Slightly off topic, but those of you with Christmas and near-Christmas birthdays might consider doing what one of my great-aunts did: celebrate your half birthday on June 25th or thereabouts. She apparently got tired of the one gift for both events and as a teenager decided that she was moving her birthday.

OMG - I saw the commercial!! It’s for the Salvation Army and they say EXACTLY what I remember in my OP:

Cue scene:

A x-mas tree decorated with lights, ornaments, etc. 3 sad looking tots standing around the empty tree. Pan to the empty stockings.

Voice over:

Glad to see I’m not totally mental. :slight_smile:

The Salvation Army is the best at helping families during the Christmas holidays. When my kids were young and I was poor, sometimes SA was all that ensured that I could put something under our tree*. Grandparents provided gifts, too, but I had a weird relationship with my parents when the girls where young.

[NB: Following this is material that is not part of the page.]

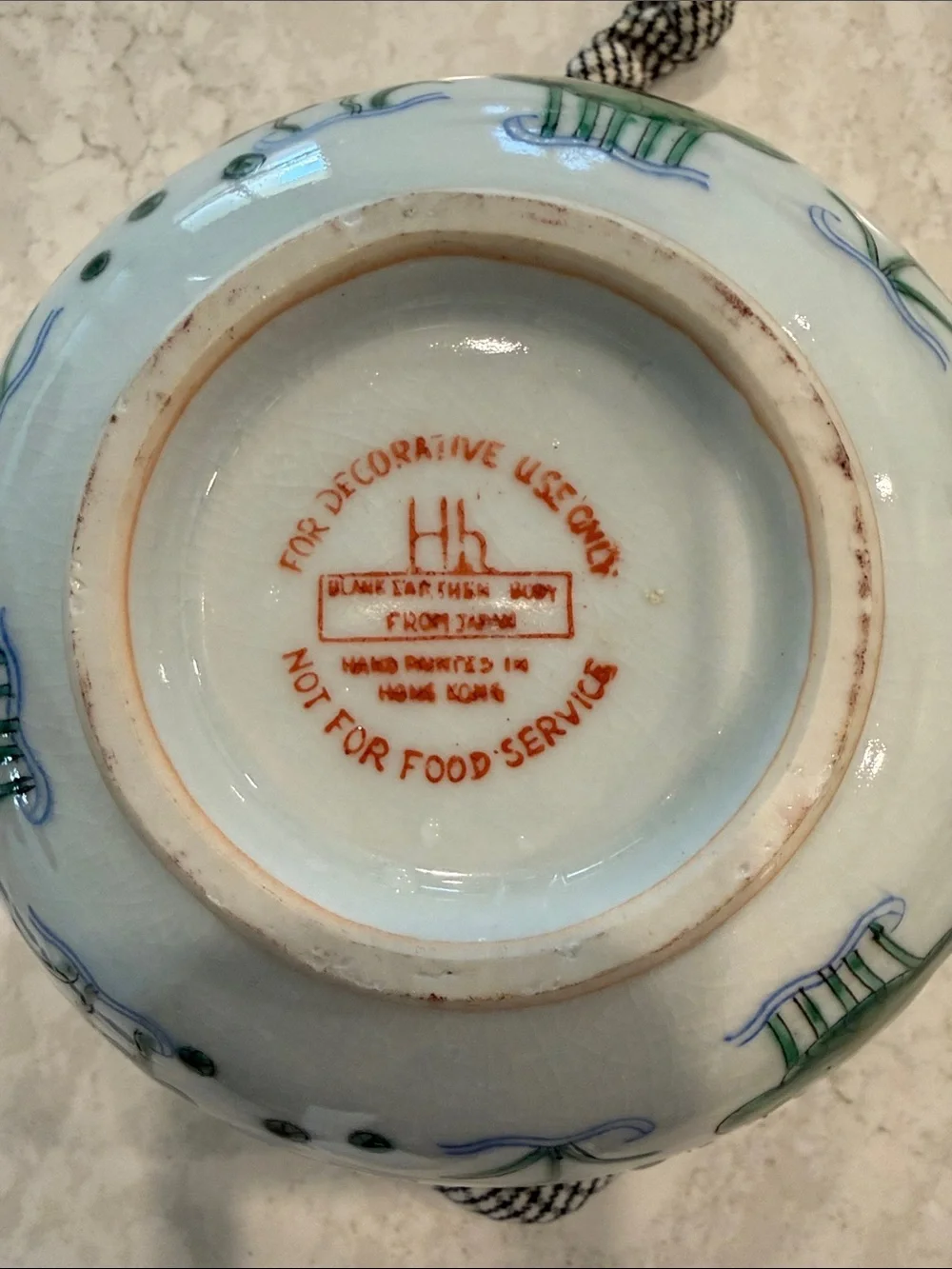 White Ceramic Bowl with Green Patterned Rim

Best Christmas ever: after I left my first husband, my new boyfriend’s grandparents gave us two boxes of food. And gave each of my girls a doll. And they took us in for the holiday meal. They made Christmas for us that year, even though they barely knew us.

*Many years we could not afford a tree, so I made one out of a couple of brown paper bags and colored it green, put it on the wall with push pins, and strung some old lights on it. We had that tree for at least 5 years. My daughters still tell their friends about the grocery bag tree. This year we are having tough times, again, but found a tree at Goodwill for $3. The grandson is so happy–he thought that the cutout tree he decorated at daycare last year was going to be our tree this year!

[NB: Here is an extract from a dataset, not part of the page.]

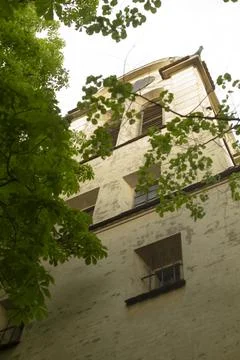 Ancient tower hides secrets. Massive structure amid lush foliage Stock Photos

My late father-in-law was born in 1899, the youngest of six children. One Christmas,
when he was very young, his 18 year old brother, Alexander, died of pneumonia.

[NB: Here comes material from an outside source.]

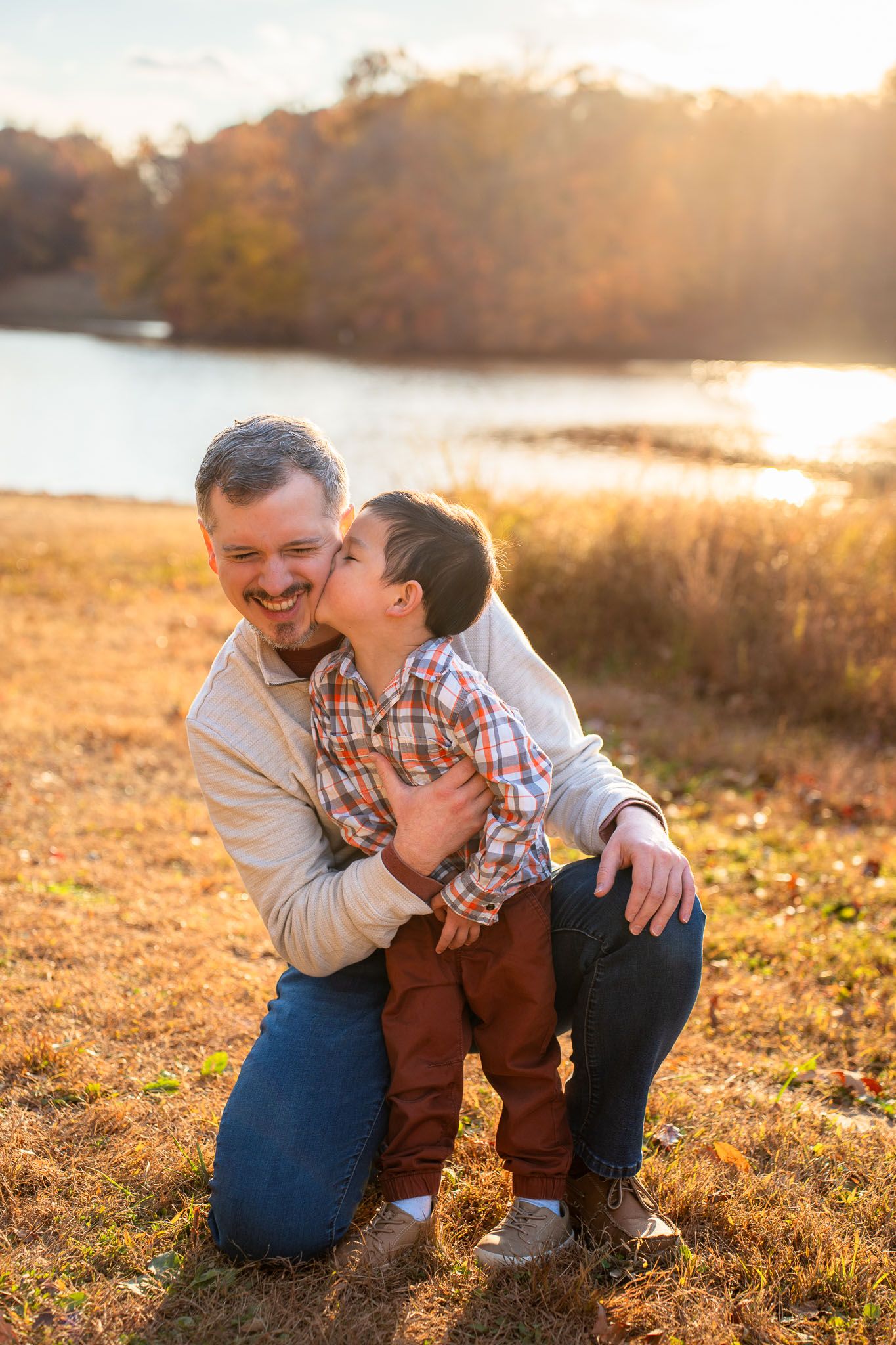 A touching moment between two people sharing a warm embrace in a sunlit field at golden hour.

It was the last Christmas the family ever celebrated.

I asked him if he ever got any gift? He said they each received an orange. And that was Christmas.

In his memory, we all pay attention to Toys for Tots at Christmas. And last year we donated his artificial Xmas tree / decorations to a family our department did up a hamper for.

My father-in-law grew up during the Depression, and once told my wife about a Christmas where his parents borrowed a toy truck for him to play with on Christmas morning, then had to return later that day.

Not really the same as what the OP is asking for, but sort of similar:

When my husband and his brother were something like 10 and 7, I think, they came into the living room Christmas morning and found that Santa had not visited them, presumably because they had been bad that year. (I think that’s the story I remember, rather than coal, but I’m not certain.) They had a very subdued Christmas morning, then my husband’s father asked him to fetch something that was in the basement. When he went downstairs, he found a second, fully-decorated Christmas tree, complete with all the Santa presents.

While I’m sure the reveal was fun, there’s no way that I could inflict the setup on my kids. I love my father-in-law, but he’s not big in the sensitivity department.

There was a girl a year or two behind me in middle school. Apparently starting in November her mother began warning her if her grades didn’t improve she wasn’t getting anything for Christmas. From what I remember she understood the material, just didn’t bother turning in homework or completing in-class assignments. The girl must have assumed her mother was bluffing but come Christmas she got to sit and watch her brother open his gifts.

I vaguely remember a story a few years ago about a father selling his kids’ Christmas gifts on ebay. His description explained the kids had been warned to shape up or lose their gifts. I think one of the boys had even mouthed off, “You don’t have the guts.” Turns out Dad did.

My mother used to tell of a family that lived on their street. Every year for Christmas (in the Depression) the kids would open fabulous presents. Everything in the world. And the day after Christmas, everything would go back. It was all for show.

My mother was one of 11, and I’m on of 5. We always celebrated Christmas and birthdays. As kids, I think my mother would be more excited then us. She could never wait until Christmas, starting us opening one present per night the week leading up to Christmas. She loved everyting about it.